When we access a TLS variable in PIC mode, it usually get the TLS address by calling a lib function, some like
callq __tls_get_addr@PLT
This call was not show in IR or MIR, usually tag by a target-special flag (like pic) and generated in Assembly Printing.
So it is usually call it every time when TLS variable is accessed. Many of them are duplicated, especially in loops.

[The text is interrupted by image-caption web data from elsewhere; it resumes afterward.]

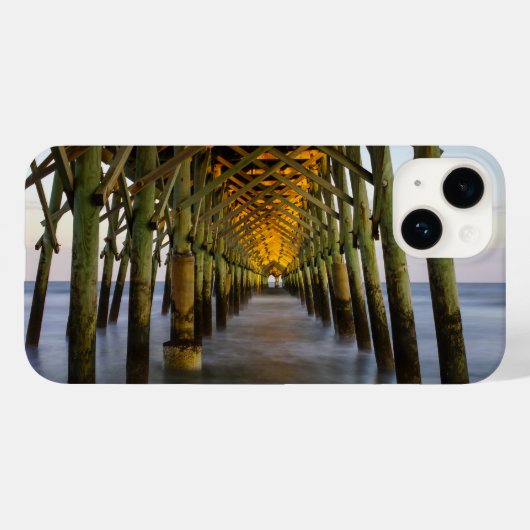 Lass den Lichtschacht durch den iPhone-Case von Ca Case-Mate iPhone Hülle (Rückseite (Horizontal))
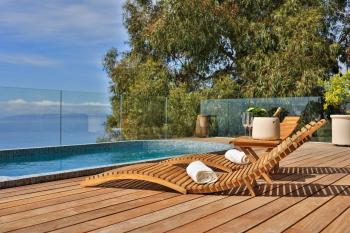 5* villa with panoramic sea view, hammam, pool-spa, Rayol-Canadel-sur-Mer (photo 4)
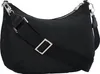 A black Guess hobo shoulder bag is shown against a white background. Produktbild-Vorschau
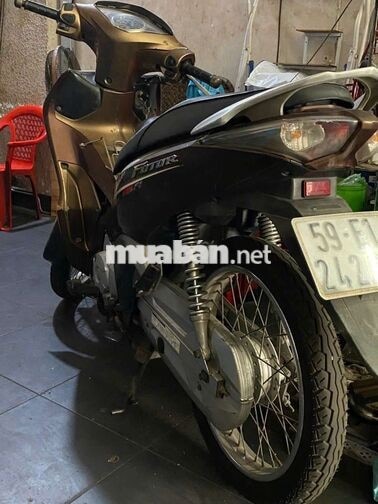 Honda Future FI 125 2012 Nâu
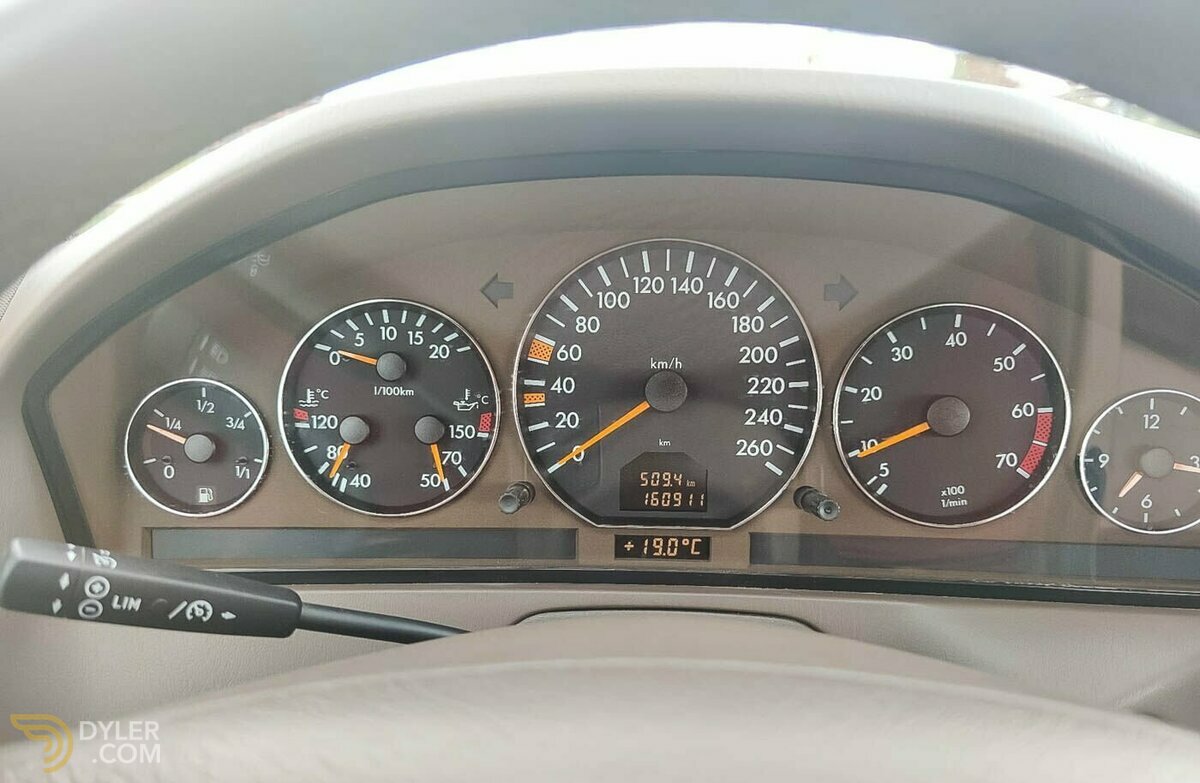 1999 Mercedes-Benz 280 SL R129, foto 3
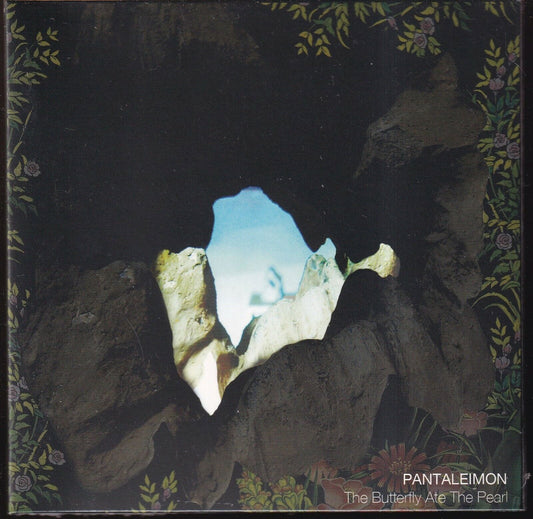 EBOND Pantaleimon - The Butterfly Ate The Pearl Digipac5008 CD CDS001216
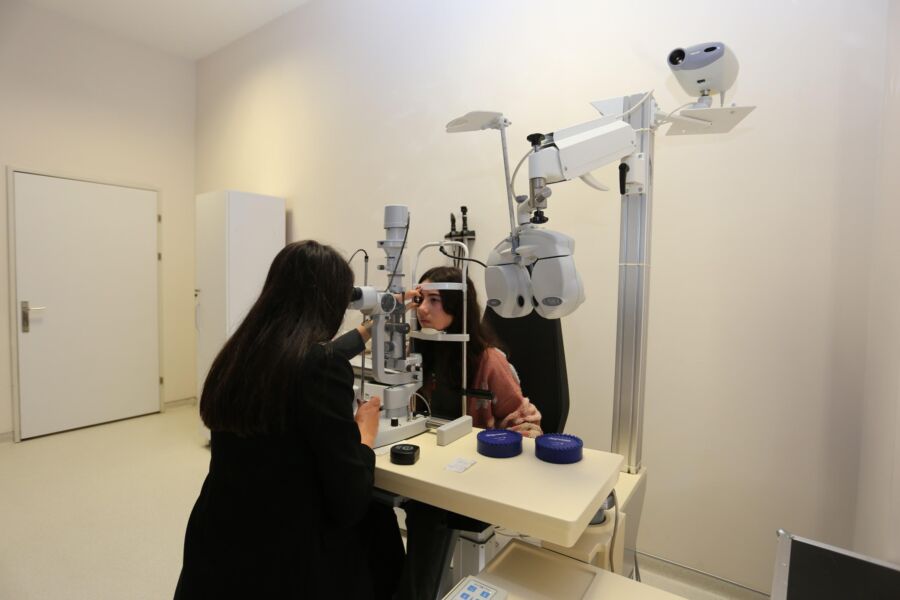  Kepez Belediyesi’nden 31 Bin 461 Kişiye Göz Sağlığı Hizmeti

This patch is try to optimize it. It identifies/eliminate Redundant TLS address call by hoist the TLS access when the related option is set.
For example:
static __thread int x; int g(); int f(int c) { int *px = &x; while (c--) *px += g(); return *px; }
will generated Redundant TLS Loads by compiling it with
Clang++ -fPIC -ftls-model=global-dynamic -O2 -S
.LBB0_2: # %while.body # =>This Inner Loop Header: Depth=1 callq _Z1gv@PLT movl %eax, %ebp leaq _ZL1x@TLSLD(%rip), %rdi callq __tls_get_addr@PLT addl _ZL1x@DTPOFF(%rax), %ebp movl %ebp, _ZL1x@DTPOFF(%rax) addl $-1, %ebx jne .LBB0_2 jmp .LBB0_3 .LBB0_4: # %entry.while.end_crit_edge leaq _ZL1x@TLSLD(%rip), %rdi callq __tls_get_addr@PLT movl _ZL1x@DTPOFF(%rax), %ebp
The Redundant TLS Loads will hurt the performance, especially in loops.
So we try to eliminate/move them if required by customers, let it be:
# %bb.0: # %entry ... movl %edi, %ebx leaq _ZL1x@TLSLD(%rip), %rdi callq __tls_get_addr@PLT leaq _ZL1x@DTPOFF(%rax), %r14 testl %ebx, %ebx je .LBB0_1 .LBB0_2: # %while.body # =>This Inner Loop Header: Depth=1 callq _Z1gv@PLT addl (%r14), %eax movl %eax, (%r14) addl $-1, %ebx jne .LBB0_2 jmp .LBB0_3
Why a module flag? What is the policy for LTO merging?